This Democrat Is Already Positioning Himself for 2020
The race for the Democratic presidential nomination in 2020 has already begun, but don’t expect to hear too much about it for at least a couple more years.
Just know that the jockeying for position is now underway. And your new front-runner is the former also-ran of the 2016 Democratic primary: former Maryland Gov. Martin O’Malley.
The former governor, who finished in a dismal third place in the first-in-the-nation Iowa Democratic Caucuses back in February, made a couple of return trips to the Hawkeye State prior to Christmas to campaign on behalf of state Rep. Jim Lykam (D-Davenport). The legislator was running in a special election Tuesday to fill the local state Senate seat vacated by the death of the incumbent.
Gov. Terry Branstad—now the U.S. ambassador-designate to China—had attempted to set the election to fill the Senate seat during the Nov. 8 general election, but was stymied by the Scott County Auditor, a Democrat, who pushed for a Dec. 26 special election instead. Lykam was widely expected to win in the heavily Democratic district—and did—but the party took nothing to chance.
Democrats in Iowa were devastated in the Nov. 8 election, losing six of nine Senate seats they were attempting to hold and giving up control of the upper chamber for the first time in 18 years. They lost two of 43 seats they were attempting to hold in the House of Representatives.

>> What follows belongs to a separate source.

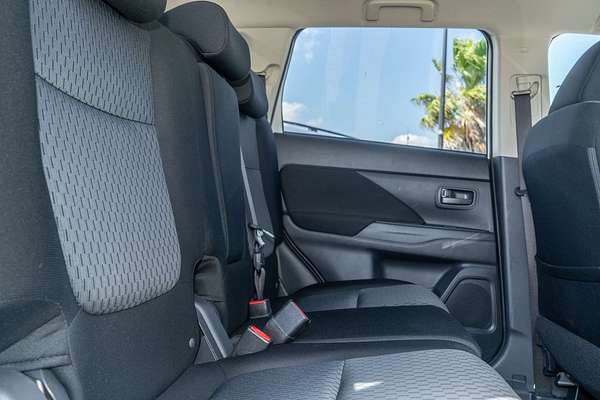 2013 Mitsubishi Outlander LS ZJ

In addition to spending time in Iowa campaigning for Lykam, O’Malley pumped PAC money into the fellow Democrat’s campaign. Afterward, his O’Say Can You See PAC issued the following statement:
On Tuesday, now-Senator Jim Lykam won his special election to the Iowa State Senate seat. A silver lining at the end of a tough year.
It was an honor—cancelled flights, sub-zero temperatures and all—to campaign with Jim in Davenport a couple [of] weeks ago.
With your help, I will continue to travel across the country to help elect progressive Democrats to office. The strength of our party lies with the grassroots. We must re-mobilize and rebuild from the bottom up. 2016 may have been a setback. But 2017 is our path back to victory.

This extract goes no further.